Kailash: Yeah, I think I would give this as a four. I think it's still extremely important to do this. Some of the compliance frameworks even call out that you have to do tabletop exercises on a periodic basis. One of the accounts that I used to follow on Twitter, was just about tabletop exercises, right? A lot of them had having to do with interns, but yeah, Twitter can be a very helpful and useful resource for you, by the way, on incident response scenarios and tabletop exercises.
But yeah, I would give that as a four. You want to make sure that there are playbooks, there are workflows, there's automation built in for at least some of the easy targets with incident response remediations. But even if it's something bigger, you want to have, okay, so if there's actually a data breach, there needs to be a plan. Who's going to take watch shift? Who is going to be working 12 hours on a particular day? We need to have that plan built up so that if there is such a situation, you have a playbook for it at least.
Host: Yeah. Otherwise you'll be scrambling at the last minute, right? While you are being, let's say, attacked, you're still trying to figure out whom to call so that they will come and do the analysis and stuff like that.
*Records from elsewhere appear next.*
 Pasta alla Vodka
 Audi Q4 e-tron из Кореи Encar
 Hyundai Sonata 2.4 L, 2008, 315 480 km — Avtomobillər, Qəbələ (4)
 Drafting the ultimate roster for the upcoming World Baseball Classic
Yeah. Having that playbook would definitely help. So before we end the episode, there's one last question that I would like to ask is, do you have any recommendation for our audience? It can be a blog or a book or a podcast or anything.
Kailash: Okay. I think so far I have talked about two things, one, Twitter being a major source of what I follow for some of my security. Well, Twitter used to be, now I think some of the accounts I follow are no longer that active.
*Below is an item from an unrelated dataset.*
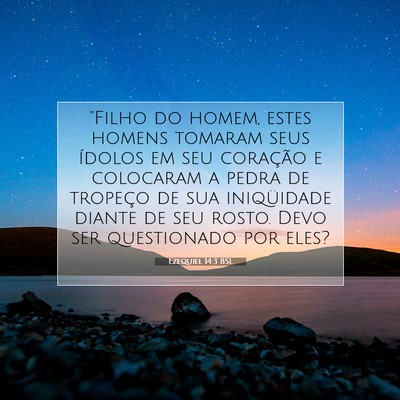 Ezequiel 14:3 BSL Imagem do Versículo Bíblico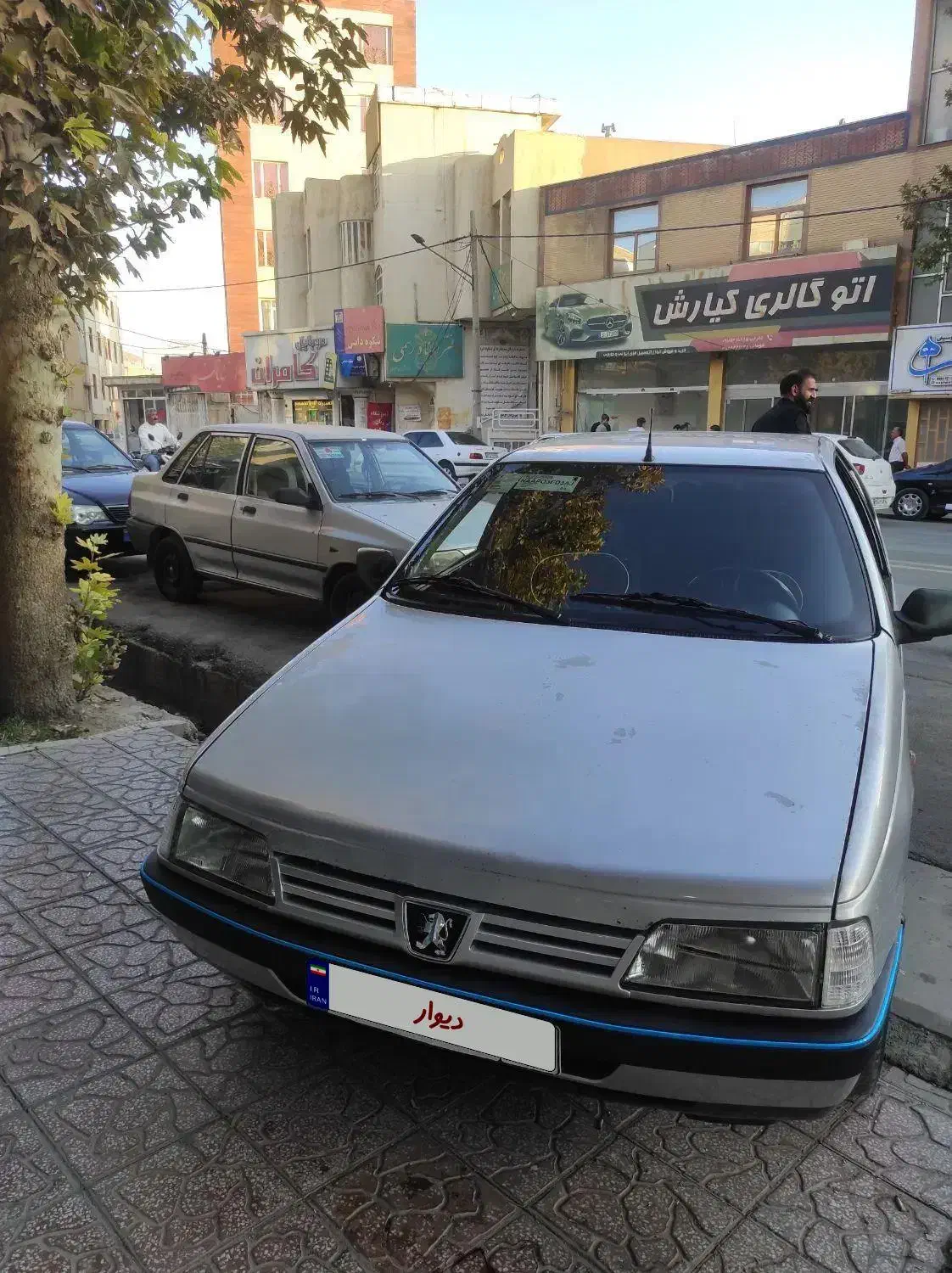 پژو 405 بنزینی GLX - TU5 - 1386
But podcast, I listen to Darknet diaries, I really enjoy that. I think the way the podcast is done is very story-type, right? So you're not just looking at the technicals, but… the background and how actually the board was the effects of security reach or implication, right? So it's very good. Even when I'm in the gym working out, I sometimes listen to Darknet diaries because it's very playful and it's a good, yeah. So yeah, definitely Darknet Diaries is the code book which I mentioned in the past. I think that's a good book to read for security professionals. I mean, there's so many books and Twitter also just to keep up with what's happening within the security world.
Host: Okay. Yeah. Thank you for sharing that. So yeah, that brings us to the end of the episode. Thank you so much, Kailash, for joining and sharing your knowledge and learnings with our audience.
Kailash: Thank you. It was my honor to be on this podcast and yeah, hope to remain in touch and thank you. Appreciate it again.
Host: Absolutely. Thank you for coming. And to our audience, thank you so much for watching. See you in the next episode.